*Work order*. Write out the records again exactly and exclude the pictures.

*Material supplied*.
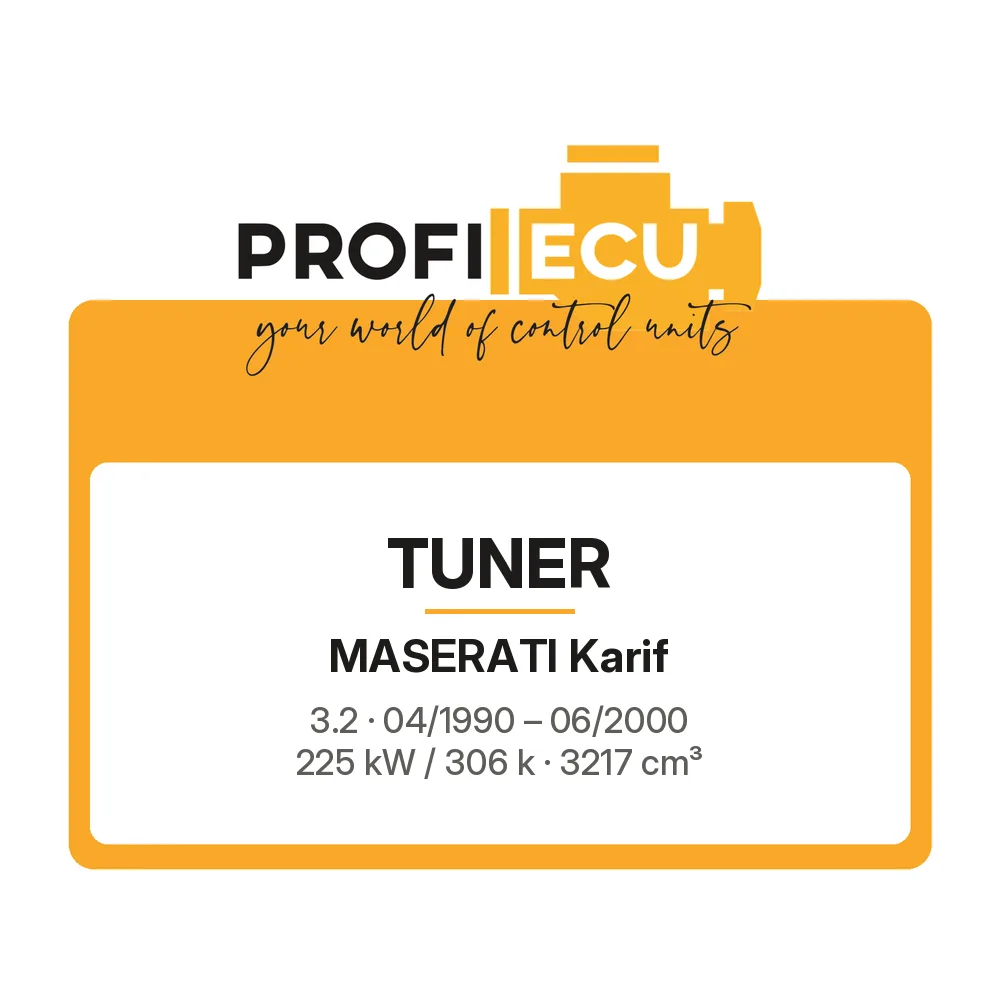 Etiketa ProfiECU: Tuner pro Maserati Karif 3.2 225 kW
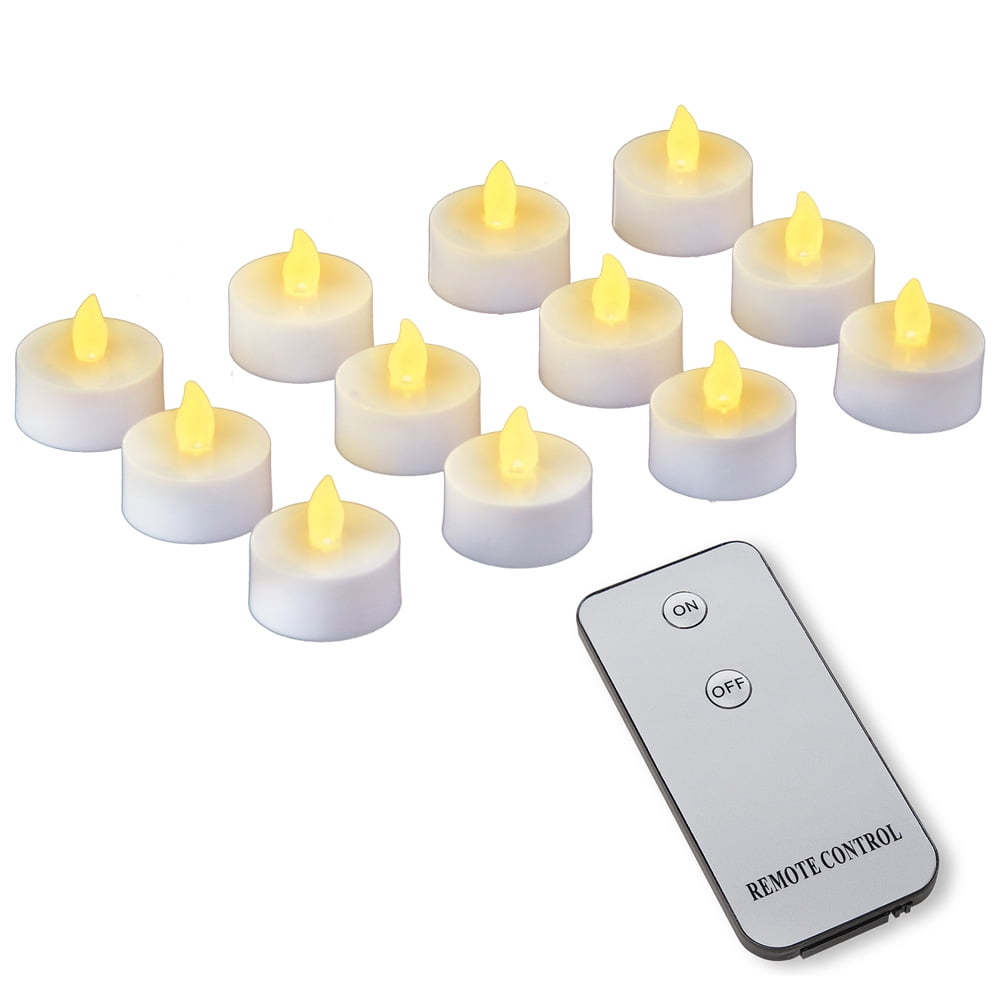 Led Tealight Candles With Remote Set Of 12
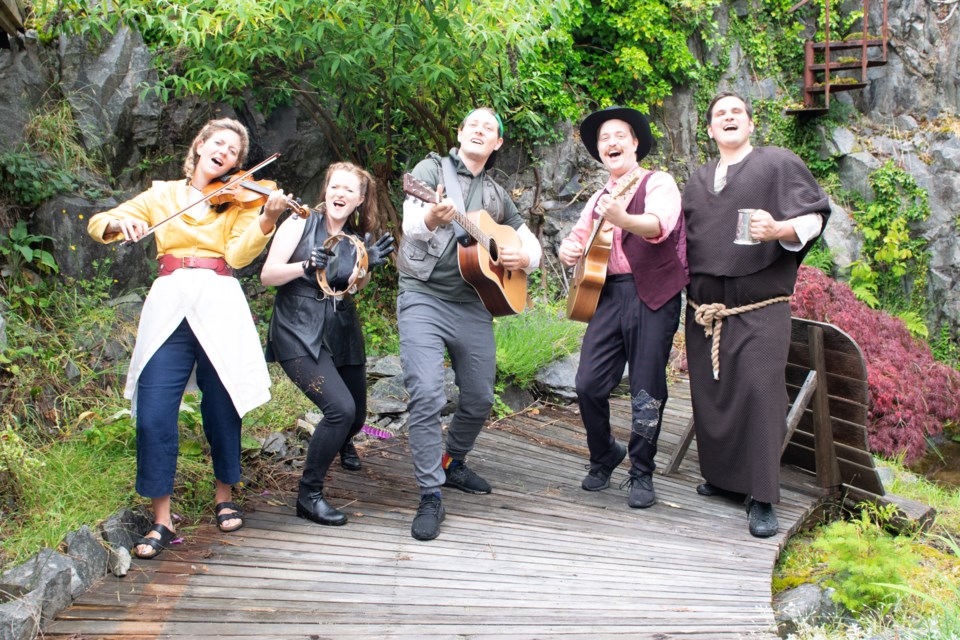 Cast members of Robin Hood rehearse on Bowen Island. The play runs July 16-23 outdoors at Presentation House Theatre.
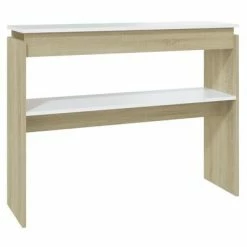 VidaXL Table console Blanc et chêne sonoma 102x30x80 cm Aggloméré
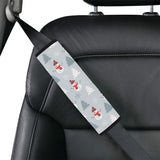 Snowman christmas  tree snow gray background Car Seat Belt Cover
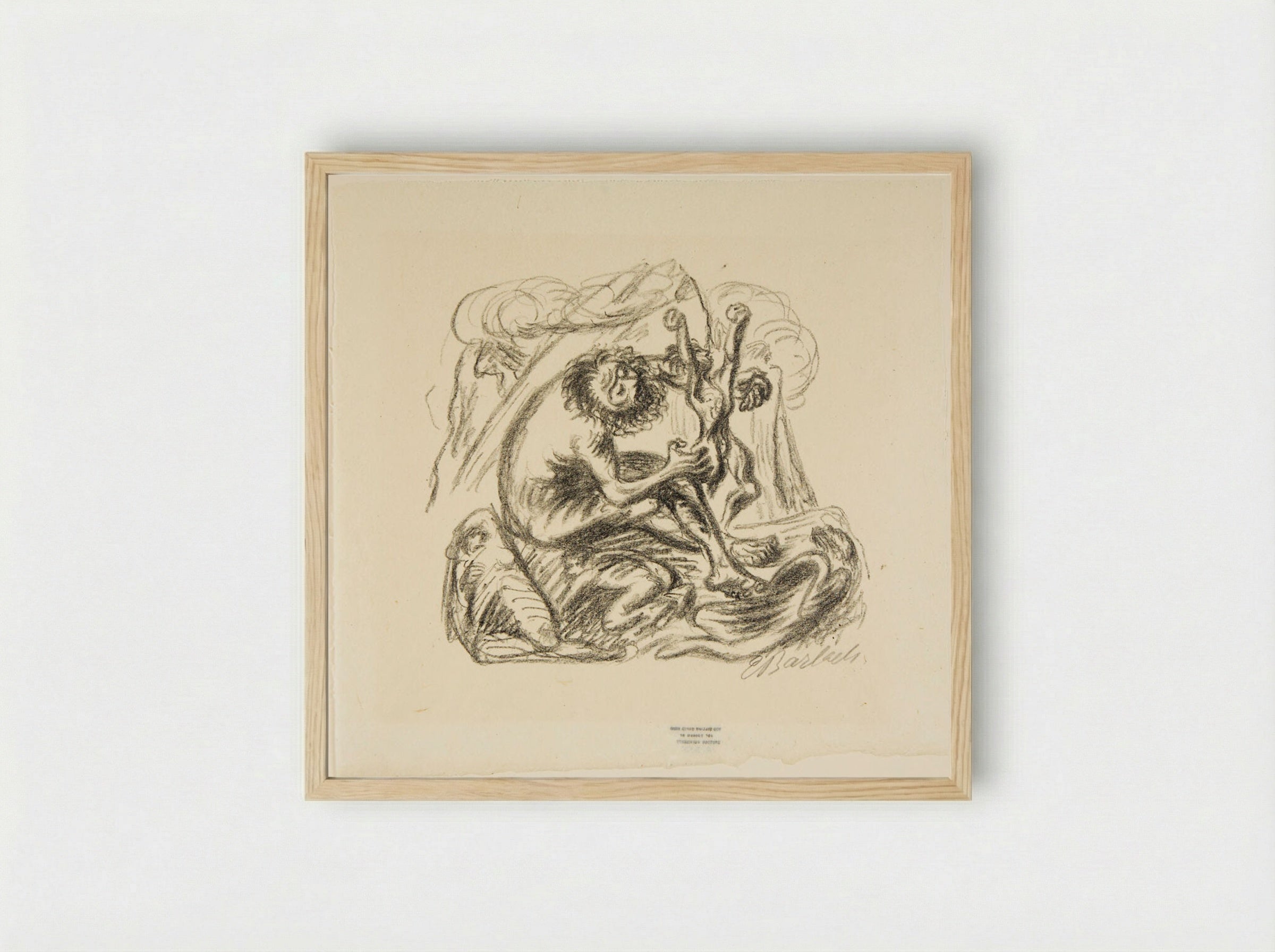 Prometheus 2: The Molded Figure of Man - Ernst Barlach - Framed Print Wood
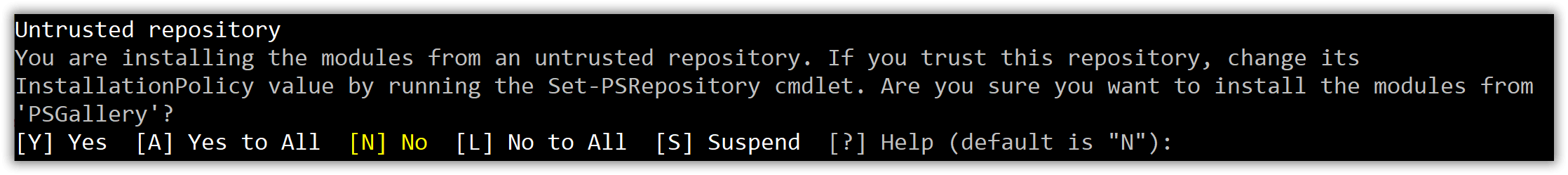 PowerShell Gallery vertrauen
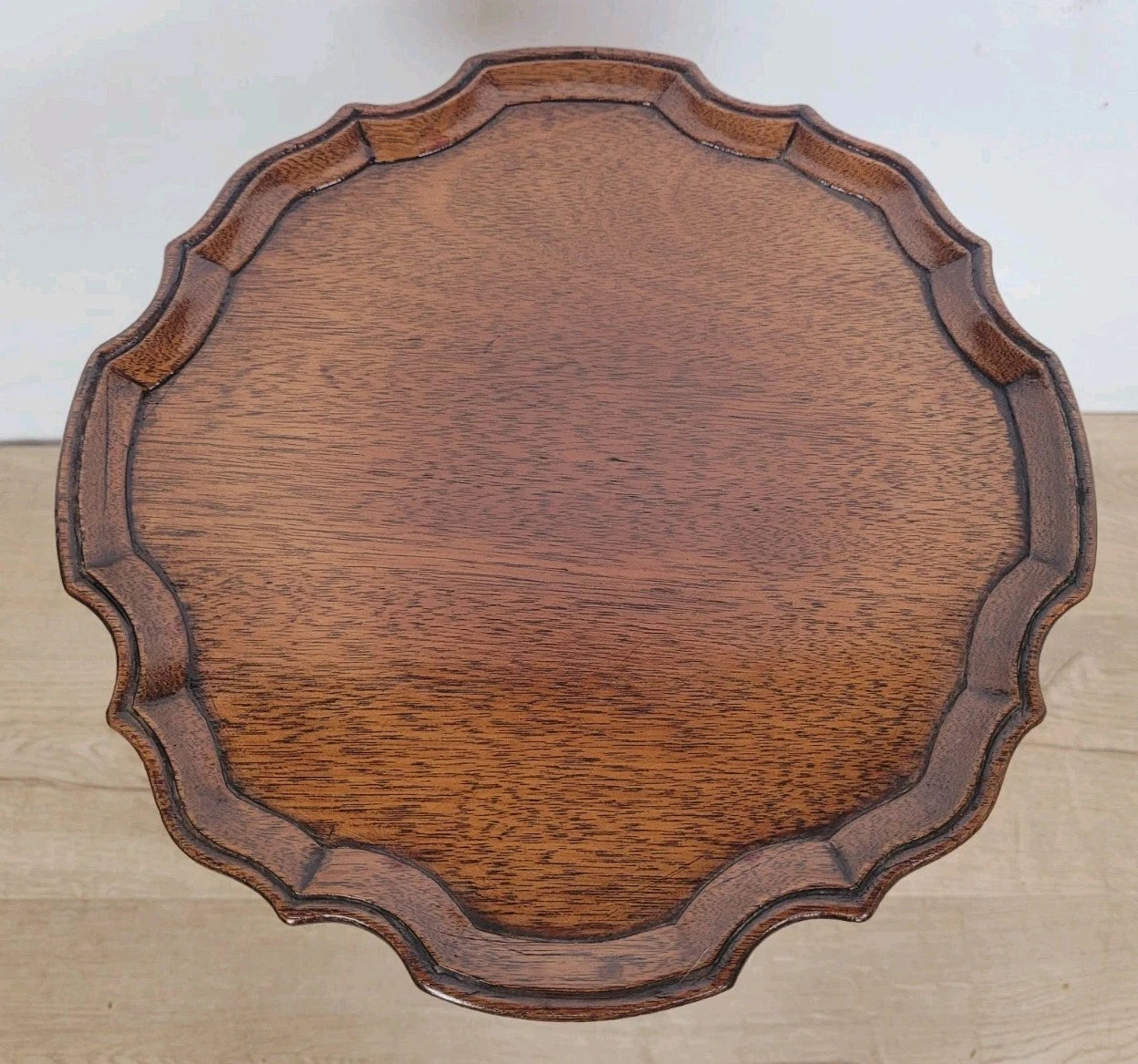 Tripod Wine Table English Scalloped Edge Antique Style 1960s Postage Available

*The completed task*.
 Etiketa ProfiECU: Tuner pro Maserati Karif 3.2 225 kW
 Led Tealight Candles With Remote Set Of 12
 Cast members of Robin Hood rehearse on Bowen Island. The play runs July 16-23 outdoors at Presentation House Theatre.
 VidaXL Table console Blanc et chêne sonoma 102x30x80 cm Aggloméré
 Snowman christmas  tree snow gray background Car Seat Belt Cover
 Prometheus 2: The Molded Figure of Man - Ernst Barlach - Framed Print Wood
 PowerShell Gallery vertrauen
 Tripod Wine Table English Scalloped Edge Antique Style 1960s Postage Available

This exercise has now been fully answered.